南北関係
北朝鮮で深刻な洪水被害、韓国政府が「人道支援の用意」を表明
韓国政府は1日、甚大な豪雨被害が発生した北朝鮮北部地域の被災者のために人道支援を行う用意があることを明らかにした。
大韓赤十字社の朴鍾述(パク・チョンスル)事務総長は同日「先日新義州など平安北道や慈江道など北朝鮮地域での集中豪雨で北朝鮮住民に甚大な被害が発生したようだ」「韓国側は北朝鮮住民の人道的に困難な状況を考慮し、人道主義と同胞愛の見地から北朝鮮被災者のため緊急に必要な物資を迅速に支援する用意があることを明確にする」と伝えた。その上で朴事務総長は「支援品目、規模、支援方式などについて北朝鮮赤十字会中央委員会と協議を行う準備もできており、早期の対応を期待する」と述べた。

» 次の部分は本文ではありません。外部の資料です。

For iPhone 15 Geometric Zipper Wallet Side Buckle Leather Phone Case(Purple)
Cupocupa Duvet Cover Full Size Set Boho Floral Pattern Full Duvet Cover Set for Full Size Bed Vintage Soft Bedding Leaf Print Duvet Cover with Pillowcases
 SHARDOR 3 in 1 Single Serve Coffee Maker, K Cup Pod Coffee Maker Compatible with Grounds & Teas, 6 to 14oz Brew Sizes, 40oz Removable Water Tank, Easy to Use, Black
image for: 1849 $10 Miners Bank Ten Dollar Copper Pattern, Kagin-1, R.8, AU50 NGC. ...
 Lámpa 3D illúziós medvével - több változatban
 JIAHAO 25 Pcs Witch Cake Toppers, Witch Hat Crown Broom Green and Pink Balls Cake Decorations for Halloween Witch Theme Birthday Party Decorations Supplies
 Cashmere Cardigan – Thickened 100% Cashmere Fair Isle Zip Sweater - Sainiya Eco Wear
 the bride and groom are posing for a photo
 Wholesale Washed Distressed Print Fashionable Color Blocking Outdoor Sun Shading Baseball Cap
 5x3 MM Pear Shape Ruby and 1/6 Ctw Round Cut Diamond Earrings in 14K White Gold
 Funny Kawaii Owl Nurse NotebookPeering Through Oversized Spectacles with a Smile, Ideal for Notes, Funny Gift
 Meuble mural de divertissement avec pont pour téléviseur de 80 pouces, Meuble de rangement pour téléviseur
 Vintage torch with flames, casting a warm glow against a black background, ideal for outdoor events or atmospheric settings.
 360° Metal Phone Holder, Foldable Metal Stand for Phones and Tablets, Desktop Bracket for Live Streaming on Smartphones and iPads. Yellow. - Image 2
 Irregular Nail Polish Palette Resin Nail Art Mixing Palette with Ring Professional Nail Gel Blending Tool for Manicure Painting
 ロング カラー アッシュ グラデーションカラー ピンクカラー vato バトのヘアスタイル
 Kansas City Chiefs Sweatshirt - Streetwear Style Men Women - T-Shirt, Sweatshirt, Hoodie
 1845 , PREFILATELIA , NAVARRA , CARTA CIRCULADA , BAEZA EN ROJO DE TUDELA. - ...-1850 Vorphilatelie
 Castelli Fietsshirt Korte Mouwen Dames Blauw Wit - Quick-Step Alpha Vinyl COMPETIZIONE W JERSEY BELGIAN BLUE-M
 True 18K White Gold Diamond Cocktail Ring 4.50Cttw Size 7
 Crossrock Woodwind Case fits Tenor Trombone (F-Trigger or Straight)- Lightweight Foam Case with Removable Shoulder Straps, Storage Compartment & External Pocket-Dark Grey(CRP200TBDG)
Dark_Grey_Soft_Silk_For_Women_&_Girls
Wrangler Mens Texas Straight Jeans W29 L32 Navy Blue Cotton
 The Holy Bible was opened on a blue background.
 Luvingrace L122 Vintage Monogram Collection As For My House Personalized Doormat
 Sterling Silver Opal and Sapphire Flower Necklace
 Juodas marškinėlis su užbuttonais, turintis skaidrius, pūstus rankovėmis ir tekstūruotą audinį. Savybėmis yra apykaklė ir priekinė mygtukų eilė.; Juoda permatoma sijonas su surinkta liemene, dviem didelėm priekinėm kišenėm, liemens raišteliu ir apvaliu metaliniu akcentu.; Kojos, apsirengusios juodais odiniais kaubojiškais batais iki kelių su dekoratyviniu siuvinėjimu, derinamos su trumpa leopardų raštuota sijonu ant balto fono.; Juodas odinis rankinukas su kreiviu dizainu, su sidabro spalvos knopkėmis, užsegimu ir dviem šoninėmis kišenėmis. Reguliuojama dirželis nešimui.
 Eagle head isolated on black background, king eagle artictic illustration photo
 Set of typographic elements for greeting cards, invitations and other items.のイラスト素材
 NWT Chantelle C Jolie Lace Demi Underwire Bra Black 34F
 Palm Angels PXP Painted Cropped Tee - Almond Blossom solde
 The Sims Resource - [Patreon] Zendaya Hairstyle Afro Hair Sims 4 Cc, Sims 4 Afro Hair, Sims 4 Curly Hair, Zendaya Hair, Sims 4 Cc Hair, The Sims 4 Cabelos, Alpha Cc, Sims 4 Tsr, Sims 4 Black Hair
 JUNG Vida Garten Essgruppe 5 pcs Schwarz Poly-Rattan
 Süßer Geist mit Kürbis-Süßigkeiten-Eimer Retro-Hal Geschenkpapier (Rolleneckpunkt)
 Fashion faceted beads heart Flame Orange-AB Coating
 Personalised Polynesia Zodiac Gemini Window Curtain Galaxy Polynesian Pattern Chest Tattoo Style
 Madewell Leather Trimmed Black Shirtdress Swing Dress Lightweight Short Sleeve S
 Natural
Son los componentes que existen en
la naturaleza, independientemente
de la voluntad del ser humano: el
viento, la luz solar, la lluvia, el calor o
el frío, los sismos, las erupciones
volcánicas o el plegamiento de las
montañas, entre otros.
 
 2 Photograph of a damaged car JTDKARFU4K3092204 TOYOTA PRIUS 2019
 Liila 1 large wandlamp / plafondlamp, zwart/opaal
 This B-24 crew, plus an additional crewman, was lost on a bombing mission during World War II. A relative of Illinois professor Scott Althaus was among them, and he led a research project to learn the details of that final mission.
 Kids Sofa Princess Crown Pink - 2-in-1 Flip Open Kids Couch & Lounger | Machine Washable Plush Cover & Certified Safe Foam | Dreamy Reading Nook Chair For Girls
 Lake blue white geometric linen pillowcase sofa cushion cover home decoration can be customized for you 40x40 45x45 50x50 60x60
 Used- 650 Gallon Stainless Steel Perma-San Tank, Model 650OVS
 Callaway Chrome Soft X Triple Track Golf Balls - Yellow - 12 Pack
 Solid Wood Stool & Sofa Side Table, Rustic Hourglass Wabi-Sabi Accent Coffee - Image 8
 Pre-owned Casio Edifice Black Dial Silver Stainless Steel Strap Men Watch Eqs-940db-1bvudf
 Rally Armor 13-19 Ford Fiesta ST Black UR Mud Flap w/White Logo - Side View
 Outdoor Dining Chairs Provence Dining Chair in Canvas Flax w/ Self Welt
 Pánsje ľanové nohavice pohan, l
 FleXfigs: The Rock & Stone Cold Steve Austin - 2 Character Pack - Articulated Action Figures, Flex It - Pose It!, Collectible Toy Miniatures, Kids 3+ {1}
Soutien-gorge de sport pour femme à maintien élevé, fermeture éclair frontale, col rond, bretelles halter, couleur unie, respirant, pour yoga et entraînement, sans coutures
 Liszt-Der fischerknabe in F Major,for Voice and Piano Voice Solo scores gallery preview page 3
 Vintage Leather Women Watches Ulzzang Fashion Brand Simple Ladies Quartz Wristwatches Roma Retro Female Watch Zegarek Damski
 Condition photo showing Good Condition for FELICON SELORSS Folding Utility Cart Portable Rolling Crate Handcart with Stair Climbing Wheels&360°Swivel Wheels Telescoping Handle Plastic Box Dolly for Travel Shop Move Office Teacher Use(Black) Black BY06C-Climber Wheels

現在南北の連絡ルートが全て途絶えているため、韓国政府による今回の支援方針表明は北朝鮮に電子通信文を送付する形ではなく、メディアを通じて公表する形で行われた。北朝鮮が韓国側の提案を受け入れる可能性は高くないが、受け入れた場合は南北赤十字社による実務協議を経て支援品目など具体的な内容が話し合われそうだ。
北朝鮮メディアは先日、集中豪雨の影響として中朝国境の鴨緑江下流に位置する新義州市と義州郡で4100世帯以上の住宅と3000町歩(約3000ヘクタール)の農耕地、さらに多くの公共機関や施設、道路、鉄道が浸水するなど甚大な被害が発生したと伝えた。北朝鮮の金正恩(キム・ジョンウン)総書記は7月29日と30日に被災地で緊急の政治局非常拡大会議を開催し、平安北道、慈江道での水害の責任を追及し3人の幹部を交代させた。北朝鮮メディアは金正恩総書記が幹部らと共に救命ボートに乗り、完全に水に沈んだ村などを視察したと報じた。
韓国政府は文在寅(ムン・ジェイン)政権当時の2020年8月、北朝鮮に水害による被害の支援を提案した。これに対して金正恩総書記は水害で被害が発生した事実は認めたが、「外部からの支援は一切受けない」として提案を拒否した。当時金正恩総書記はコロナ感染拡大への懸念を理由に「国境を鉄筒のようにさらに厳しく閉じ、防疫事業を厳格に進めよ」と指示した。北朝鮮は尹錫悦(ユン・ソンニョル)政権発足後の22年、コロナ防疫に向けた韓国側からの協力提案も拒否した。